Não vamos ter as filhozes e azevias da minha avó, o tronco de Natal que sempre temos à mesa, o chocolate depois da meia noite, o vinho novo que o meu pai sempre ia comprar ao produtor, as azeitonas retalhadas e temperadas dias antes de festa, o doce de ananás da outra avó, eu e a minha irmã vestidas de novo no dia de Natal, os vizinhos que passam para dizer olá e se sentam a beber um copo, os presentes chegando a casa em sacos enormes que se escondem da nossa vista nos quartos.
Não pensar muito nisto tem ajudado mas às vezes bate aquela tristeza por saber que ficamos cá. Por exemplo no Sábado, quando regressávamos das compras, e vi uma família apressada e carregada de malas, certamente a correr para o aeroporto. Queria que também nós pudéssemos partir mas náo faz mal: ao mesmo tempo, vai-nos saber muito bem ter uns dias de férias sem precisarmos de perder tempo com malas, aeroportos, carros alugados – simplesmente estarmos os três, sem compromissos e sempre a poder pegar no carro e fugir para qualquer lado.
Acho que chegou a altura de vos desejar um feliz Natal, esperando que todos possam encontrar algum conforto nesta festa de família. Sei que para muitos será mais difícil este ano mas que possamos usar este tempo para celebrarmos as coisas mais simples, os gestos aparentemente insignificantes, os pequenos prazeres, o tempo que os outros nos dedicam. Nós vamos estar longe mas felizes por saber que em muitos sítios, espalhados por parte da Europa, há gente que nos estima e a quem queremos bem. Festas muitos felizes, vos desejo eu. De coração.

dezembro 22, 2013

Balanço: a vida de trabalhadora

Falta um dia e meio de trabalho para o meu 2013 profissional terminar. O fim revelou-se bem mais desafiante do que os restantes meses e vou despedir-me deste ano de trabalho com responsabilidades acrescidas mas com a certeza que decidi acertamentente, era urgente mudar.
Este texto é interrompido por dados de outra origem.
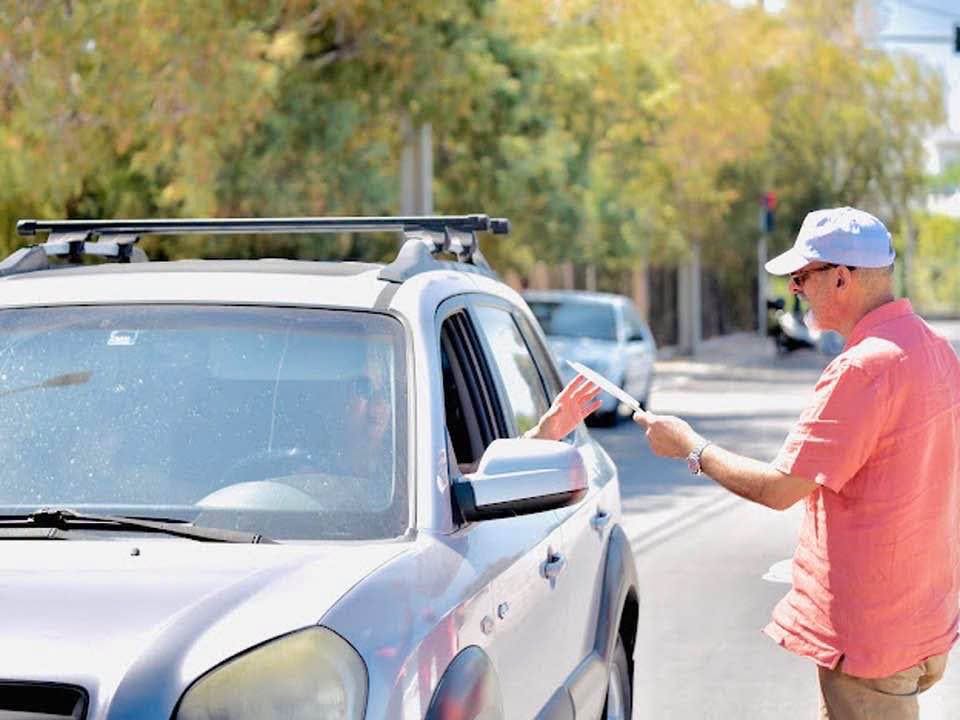 Ο Χαράλαμπος Μπονάνος σε δράση με τον Ελληνικό Ερυθρό Σταυρό ΦΩΤΟ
Comecei este ano ainda com um pouco de receio do que estava a fazer no momento. Foram meses de aprendizagem intensíssima, muitas vezes à força de não ter quem me ajudar, outras com a minha vida dificultada pelos outros. Fui conhecendo as pessoas, descobrindo com quem podia contar e quem não valia a pena mas o balanço a nível de equipa foi-se sempre deteriorando até que consegui sair.

Acho que a maior parte das pessoas do trabalho me acham demasiado séria porque me importo com as coisas que faço e porque quero que possam sempre sair bem e eu, por minha vez, não consigo habituar-me a quem vê o trabalho como um passatempo, sem qualquer responsabilidade mas com igual retribuição no final do mês. Trabalhar lado a lado com pessoas assim (que respeito, apesar de tudo) dificultou-me a vida, fez-me perguntar muitas vezes por que raio continuava eu ali. Porque sim, porque preciso de trabalhar para viver, porque não sei fazê-lo de outra forma - as respostas continuavam dentro de mim.

Com algum receio, candidatei-me à posição que hoje ocupo e vi, finalmente, o meu empenho a ser reconhecido. Foi um processo longo, acercou-se mesmo do desesperante porque eu queria uma resposta e a resposta não vinha. E também foi fracturante porque um dos colegas que mais respeito e admiro também estava na corrida. Falámos sobre isto, expliquei-lhe que não o fazia contra ele, apenas por mim e, apesar de ele compreender, acho que manchou para sempre a nossa relação profissional e isso dá-me pena. Todos sabemos que não estamos num trabalho para fazer amigos mas enfim, é sempre tudo mais fácil quando nos sentimos bem no nosso local de trabalho.

Acabo o ano feliz com tudo o que se passou e muito apoiada por outro português, com uma história de vida admirável, uma ética profissional que muito respeito e que adora contar-me sobre os pratos portugueses que a mulher, romena, lhe prepara. É especialmente importante para mim que eu e ele possamos combater o estereótipo do português (ou de qualquer povo do Sul, na realidade): falta de pontualidade, preguiça, chico espertismo, ausência de empenho. Tanto eu como ele terminamos o ano com o reconhecimento das nossas forças e isso não me podia deixar mais contente.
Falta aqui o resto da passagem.